--- Assignment ---
Write out the entries exactly. None of the pictures should appear in the copy.
=== Records to use ===
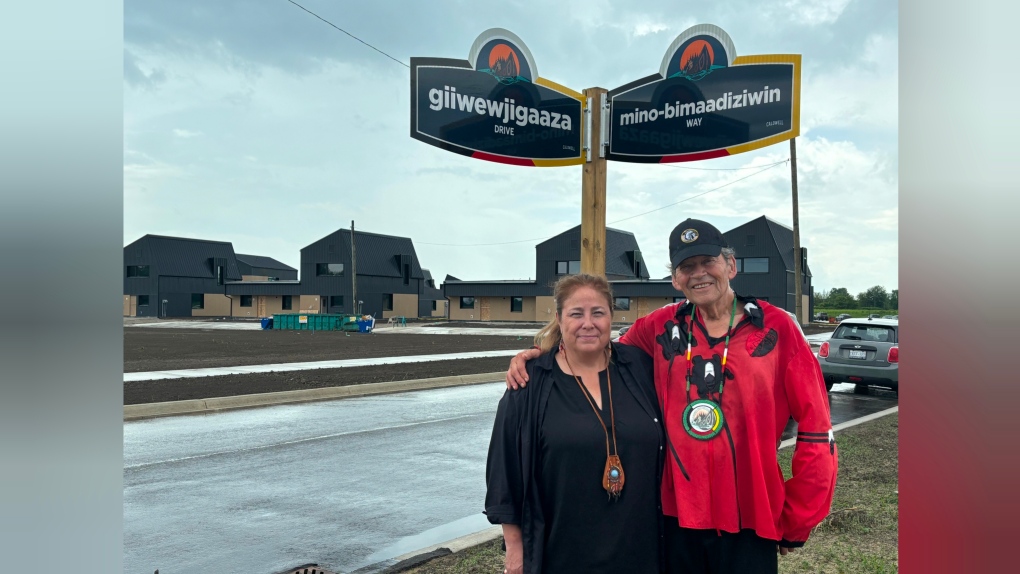 Caldwell First Nation reclaims territory with new homes [Video]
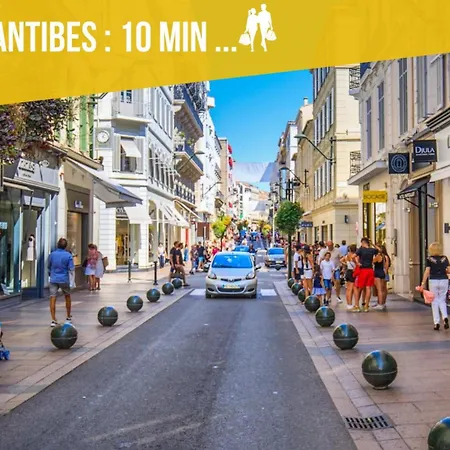 Апартаменты Elegant 3 Pieces Avec Terrasse - Centre - Lumineux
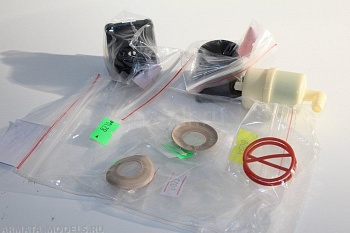 8210 Комплект расходных материалов для тех. обслуживания компрессора 1210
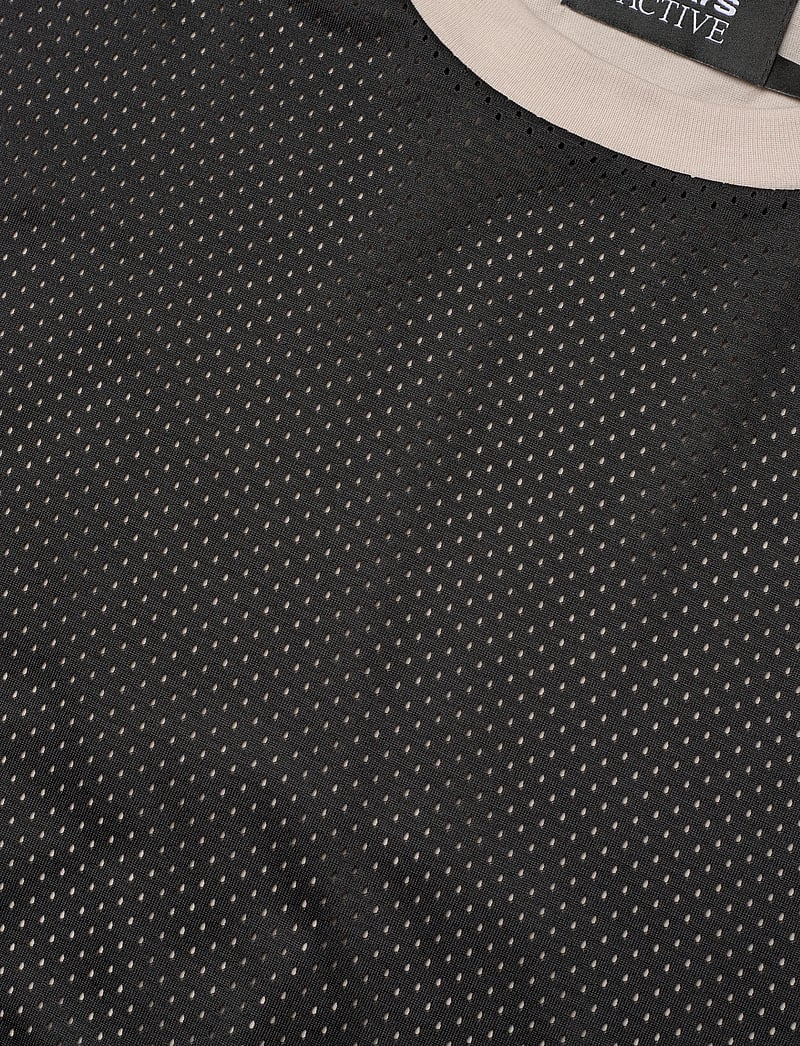 7 DAYS Active - Mesh Cotton Tee - t-shirts - 835 silver gray - 2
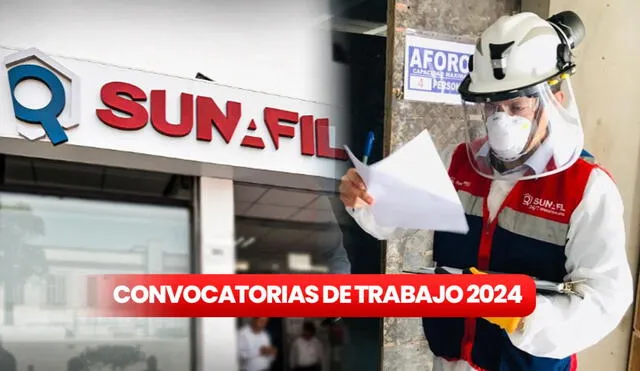 Convocatoria laboral en Sunafil a nivel nacional con salarios de hasta S/8.000. Foto: composición LR/MTPE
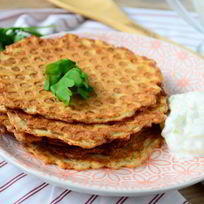 Картофельные вафли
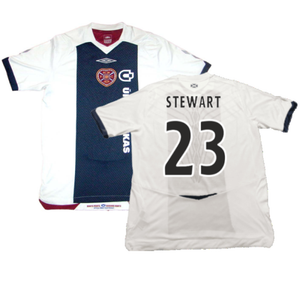 Hearts 2008-09 Away Shirt (XXL) (BNWT) (Stewart 23)_0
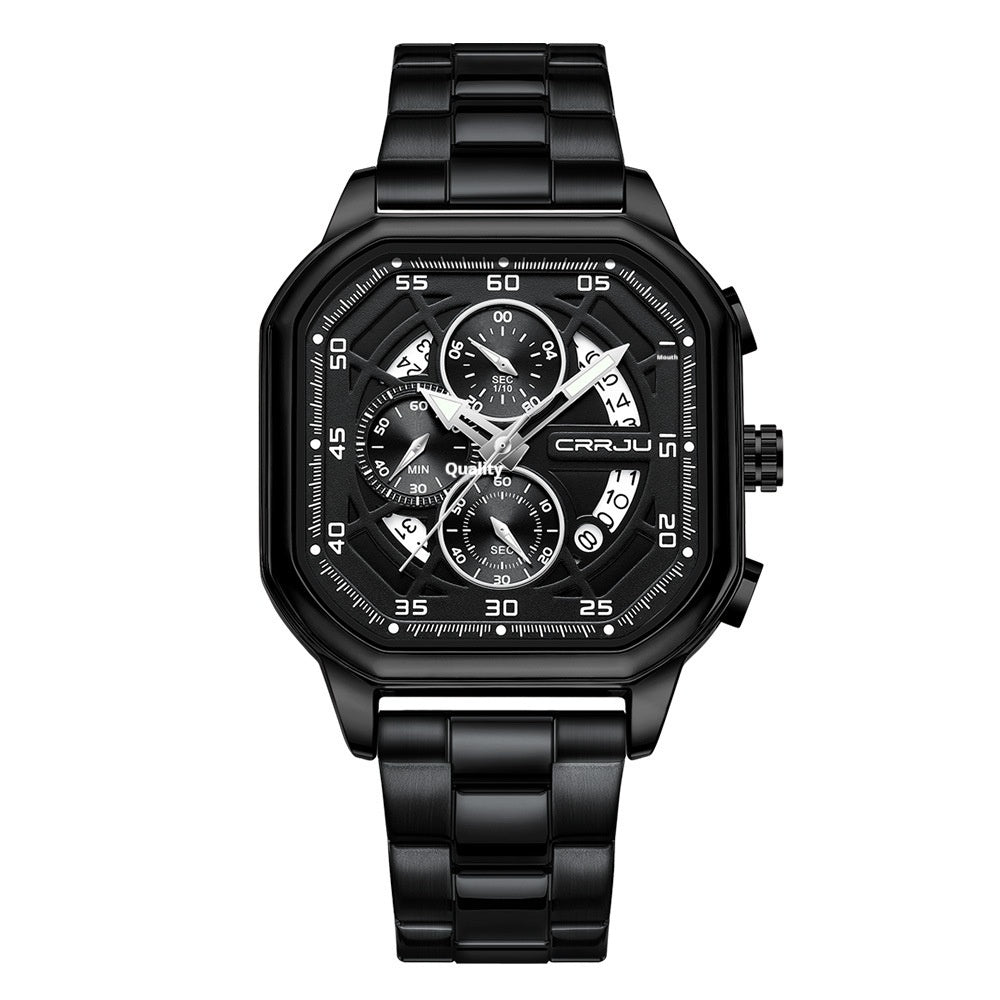 Wasserdichtes Quadrat Armband mit Kalenderfunktion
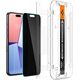 Spigen Spigen Glass tR EZ Fit (Privacy) 2 Pack, transparency - iPhone 15 Pro Max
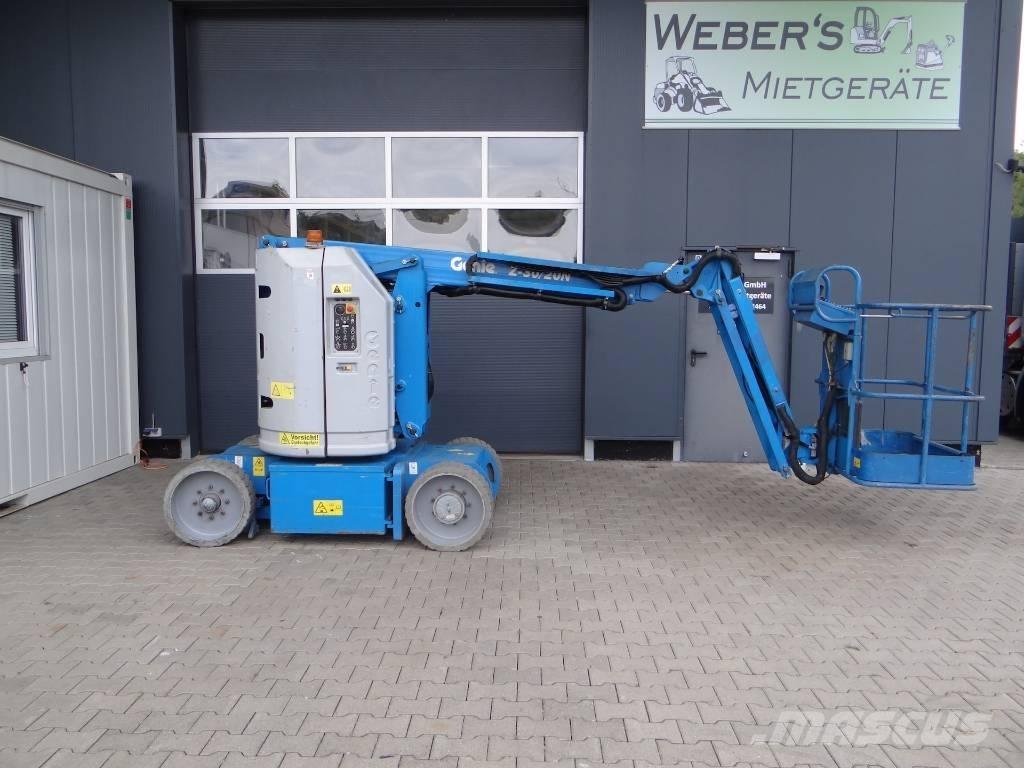 Genie Z 30/20 N Alkūniniai keltuvai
===
--- Output of the task ---
 Caldwell First Nation reclaims territory with new homes [Video]
 Апартаменты Elegant 3 Pieces Avec Terrasse - Centre - Lumineux
 8210 Комплект расходных материалов для тех. обслуживания компрессора 1210
 7 DAYS Active - Mesh Cotton Tee - t-shirts - 835 silver gray - 2
 Convocatoria laboral en Sunafil a nivel nacional con salarios de hasta S/8.000. Foto: composición LR/MTPE
 Картофельные вафли
 Hearts 2008-09 Away Shirt (XXL) (BNWT) (Stewart 23)_0
 Wasserdichtes Quadrat Armband mit Kalenderfunktion
 Spigen Spigen Glass tR EZ Fit (Privacy) 2 Pack, transparency - iPhone 15 Pro Max
 Genie Z 30/20 N Alkūniniai keltuvai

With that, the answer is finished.